----- RECORDED DATA
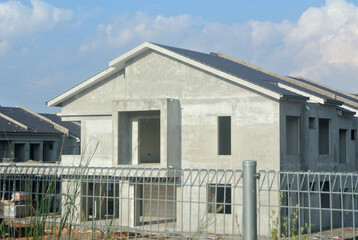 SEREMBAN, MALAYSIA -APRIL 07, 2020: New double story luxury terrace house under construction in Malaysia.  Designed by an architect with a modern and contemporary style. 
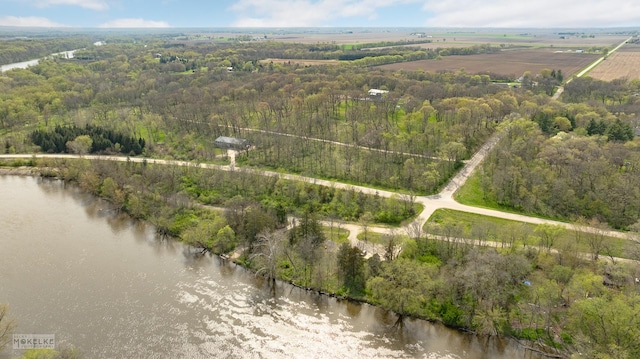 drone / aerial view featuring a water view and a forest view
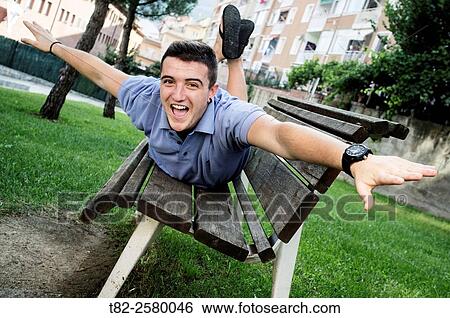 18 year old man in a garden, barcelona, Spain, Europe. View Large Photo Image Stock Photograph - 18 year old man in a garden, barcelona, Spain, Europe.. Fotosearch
----------
• _WHAT YOU SHOULD DO_: Each line above should be written out again exactly, and no picture should appear in the copy.

• _RESPONSE BOX_:
 SEREMBAN, MALAYSIA -APRIL 07, 2020: New double story luxury terrace house under construction in Malaysia.  Designed by an architect with a modern and contemporary style. 
 drone / aerial view featuring a water view and a forest view
 18 year old man in a garden, barcelona, Spain, Europe. View Large Photo Image Stock Photograph - 18 year old man in a garden, barcelona, Spain, Europe.. Fotosearch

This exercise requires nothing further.